How to Build an OpenClaw Web Scraping Skill
Web scraping with OpenClaw enables automated data extraction from websites: product prices, job listings, news articles, competitor data, and more. This advanced guide covers building a robust scraping skill with Playwright (for JavaScript-heavy sites) or Cheerio (for static HTML), including pagination, error handling, and anti-bot measures.
Why This Is Hard to Do Yourself
These are the common pitfalls that trip people up.

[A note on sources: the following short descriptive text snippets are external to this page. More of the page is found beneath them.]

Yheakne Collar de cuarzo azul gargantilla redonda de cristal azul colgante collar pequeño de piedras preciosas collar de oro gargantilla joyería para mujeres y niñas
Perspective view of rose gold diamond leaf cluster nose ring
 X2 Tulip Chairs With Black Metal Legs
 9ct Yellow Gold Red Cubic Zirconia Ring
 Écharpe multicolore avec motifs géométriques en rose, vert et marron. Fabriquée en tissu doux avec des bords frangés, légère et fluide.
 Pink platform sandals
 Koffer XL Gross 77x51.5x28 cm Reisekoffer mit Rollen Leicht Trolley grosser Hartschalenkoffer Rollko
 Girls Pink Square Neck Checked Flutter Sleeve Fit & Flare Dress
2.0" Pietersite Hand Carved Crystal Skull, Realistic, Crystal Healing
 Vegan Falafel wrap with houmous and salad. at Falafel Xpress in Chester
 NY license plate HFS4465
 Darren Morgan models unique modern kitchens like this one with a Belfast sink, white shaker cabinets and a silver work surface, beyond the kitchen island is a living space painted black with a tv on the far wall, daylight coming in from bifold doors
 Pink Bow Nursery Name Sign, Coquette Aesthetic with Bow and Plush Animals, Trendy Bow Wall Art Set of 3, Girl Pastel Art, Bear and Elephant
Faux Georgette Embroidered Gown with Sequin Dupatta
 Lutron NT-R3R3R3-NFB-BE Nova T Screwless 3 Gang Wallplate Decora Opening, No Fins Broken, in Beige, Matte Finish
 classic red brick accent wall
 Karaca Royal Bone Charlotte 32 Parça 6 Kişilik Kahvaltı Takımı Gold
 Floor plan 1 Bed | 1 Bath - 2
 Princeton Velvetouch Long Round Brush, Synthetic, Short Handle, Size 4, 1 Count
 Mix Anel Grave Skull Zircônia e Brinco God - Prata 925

Anti-bot detection and blocking
Modern sites use Cloudflare, Imperva, and fingerprinting to block scrapers. Headless detection is sophisticated
Dynamic content and pagination
JavaScript-rendered content, infinite scroll, and complex pagination require browser automation, not just HTTP requests
Rate limiting and politeness
Aggressive scraping gets you IP-banned. You need delays, rotating proxies, and respect for robots.txt
Data extraction reliability
Websites change their HTML structure constantly. Selectors break without warning and need fallback strategies
Data cleaning and normalization
Scraped data is messy: extra whitespace, inconsistent formats, HTML entities. Output needs cleaning and validation
Step-by-Step Guide
Choose scraping approach (Playwright vs Cheerio)
# Decision matrix:
# Use Cheerio (fast, simple) if:
# - Site is server-rendered HTML
# - No JavaScript required to load content
# - Static pagination
# - No login required
# Use Playwright (slower, powerful) if:
# - Content loads via JavaScript (React, Vue, etc.)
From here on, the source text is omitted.